The prisoner subtraction-and-reallocation law is in the Legislative Law, Section 83-m, Subsection 13, which would be completely superseded by the proposed amendment. The amendment abolishes LATFOR, but does not impose the prisoner subtraction-and-reallocation rule upon the new commission or the Legislature. It thus repeals the rule, and brings back prison-based gerrymandering.

In the memo, Breitbart also points out several other flaws he perceives in the amendment, including what he calls the “absurd” formula for determining the size of the Senate.

 

The Supposed Constitutional Reform of Legislative Redistricting

UPDATE:

Common Cause has issued a press release echoing this concern about prison-based gerrymandering, among many others:

NEW YORK, NY (03/12/2012)(readMedia)– The proposed Constitutional Amendment is a far cry from independent redistricting, with final approval of the maps squarely in the hands of the legislature. This is not reform let alone even an improvement. This is change for change’s sake. The so called “independent commission” is not independent at all, but rather a proxy for the Legislature. In the end, this is an attempt to memorialize a system where both parties run roughshod over the voters. This is the system we currently have which the public has consistently rejected.

The proposed section on criteria is couched in equivocation, with incumbency elevated above the need to keep counties, cities, and towns intact. Communities of interest is listed dead last and is not defined. This pales in comparison to the New York City language which reads: “District lines shall keep intact neighborhoods and communities with established ties of common interest and association, whether historical, racial, economic, ethnic, religious or other.”

Incumbency, in coded language, is given primacy, and there is no mention of prison based gerrymandering. In stark contrast, the proposed criteria devised in the 1967 constitutional convention states simply: “Gerrymandering for any purpose is prohibited” (Section 2, subsection c).
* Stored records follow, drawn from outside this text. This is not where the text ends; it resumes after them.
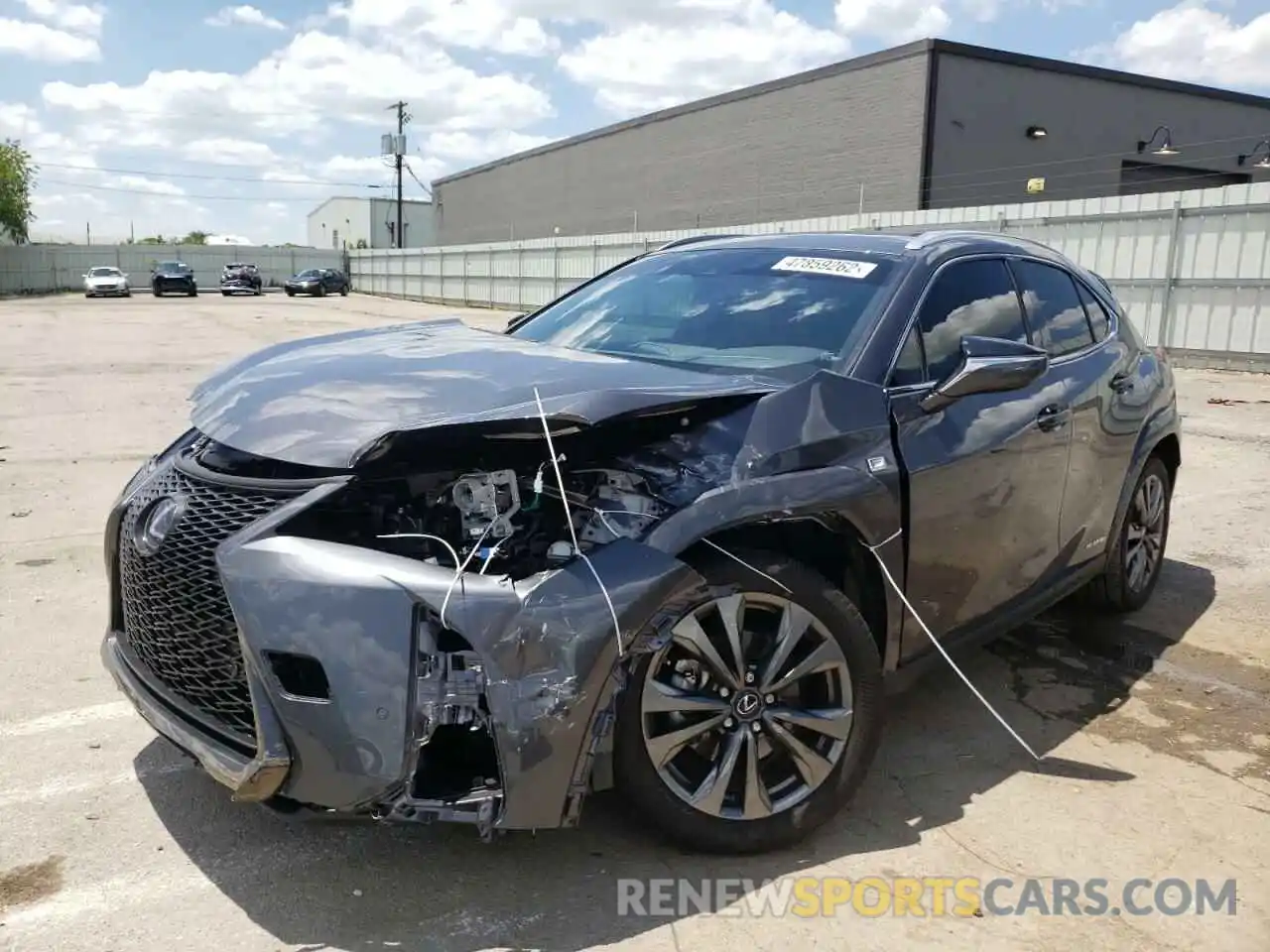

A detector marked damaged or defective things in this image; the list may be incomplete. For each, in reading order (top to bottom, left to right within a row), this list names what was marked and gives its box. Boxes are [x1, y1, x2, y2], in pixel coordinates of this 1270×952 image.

shattered front bumper [103, 458, 698, 829]
crumpled hood [190, 319, 786, 468]
damaged lexus suv [99, 230, 1183, 857]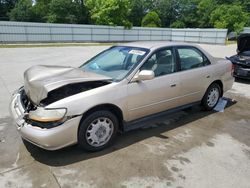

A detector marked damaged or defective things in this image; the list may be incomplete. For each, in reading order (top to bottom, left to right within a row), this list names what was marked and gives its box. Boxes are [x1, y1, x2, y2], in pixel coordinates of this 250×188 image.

cracked bumper cover [8, 90, 81, 151]
crumpled front bumper [9, 89, 81, 151]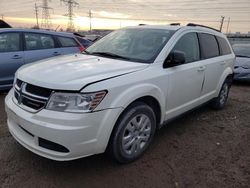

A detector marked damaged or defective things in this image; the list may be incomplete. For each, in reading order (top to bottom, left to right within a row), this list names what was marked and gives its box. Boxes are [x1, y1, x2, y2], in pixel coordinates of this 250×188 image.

headlight damage [46, 90, 107, 112]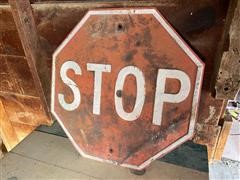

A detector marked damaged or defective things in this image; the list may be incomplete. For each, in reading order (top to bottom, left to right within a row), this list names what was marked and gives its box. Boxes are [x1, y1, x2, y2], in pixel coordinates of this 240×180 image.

rusty metal [52, 8, 204, 169]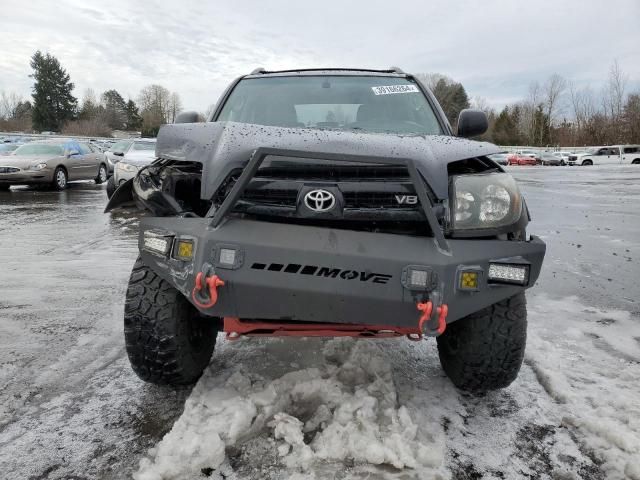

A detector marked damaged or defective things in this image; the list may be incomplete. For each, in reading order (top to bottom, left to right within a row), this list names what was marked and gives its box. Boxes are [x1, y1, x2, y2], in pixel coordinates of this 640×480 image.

damaged hood [154, 123, 500, 202]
In order to achieve meaningful reform in the future, and for the next ten years, the Governor must hold firm to his promise to veto any politicized maps, and work toward a solid constitutional amendment which truly reforms the redistricting process.

Common Cause evaluated the proposed amendment against its own criteria, and reform criteria outlined by Professor Gerald Benjamin in a February 27th op-ed in the Albany Times Union.

1. Entirely replace what are outdated, substantially invalid constitutional provisions. NO – the amendment layers more confusing language on top of the arcane 19th century language.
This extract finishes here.